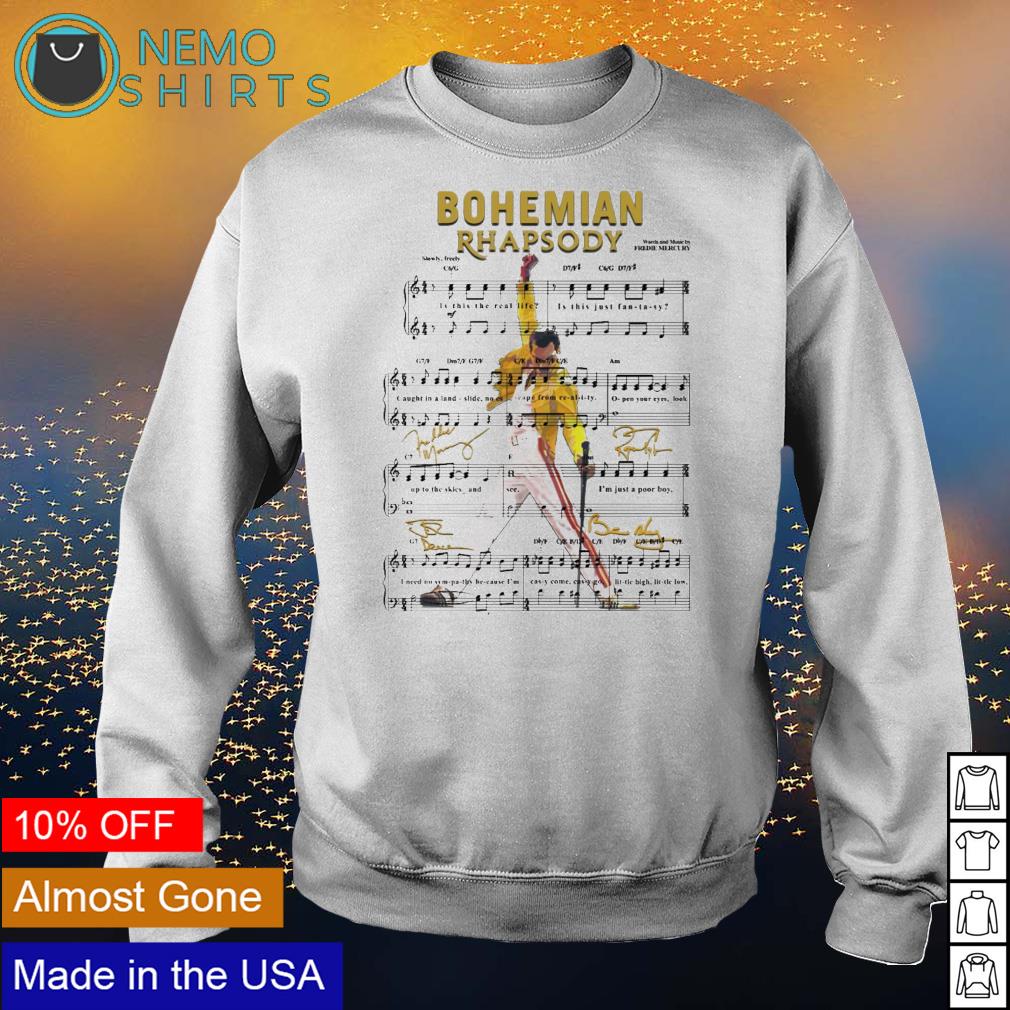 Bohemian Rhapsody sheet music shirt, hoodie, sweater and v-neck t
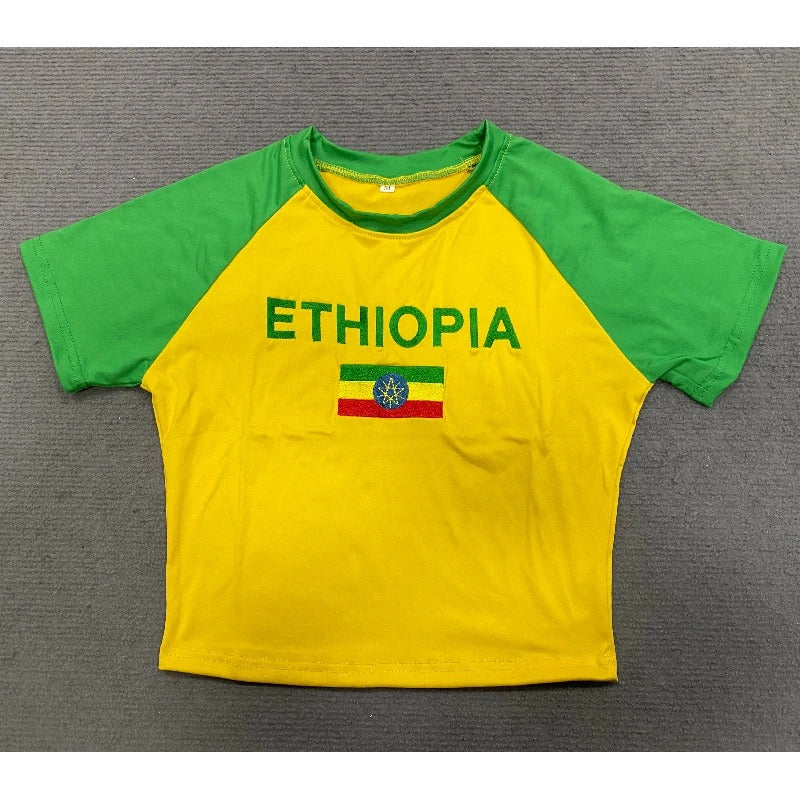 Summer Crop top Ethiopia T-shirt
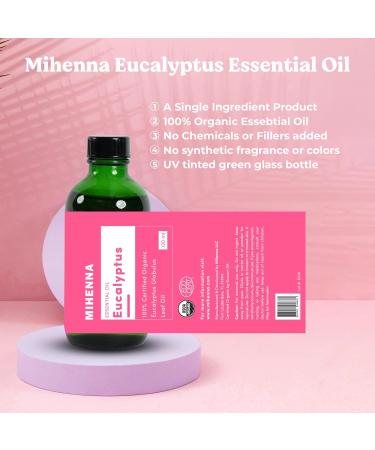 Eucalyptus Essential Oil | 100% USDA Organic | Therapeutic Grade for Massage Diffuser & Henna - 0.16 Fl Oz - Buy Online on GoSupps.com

## Exercise goal:
Retype all of the listing above exactly, but keep its pictures out.

## Your solution:
 Bohemian Rhapsody sheet music shirt, hoodie, sweater and v-neck t
 Summer Crop top Ethiopia T-shirt
 Eucalyptus Essential Oil | 100% USDA Organic | Therapeutic Grade for Massage Diffuser & Henna - 0.16 Fl Oz - Buy Online on GoSupps.com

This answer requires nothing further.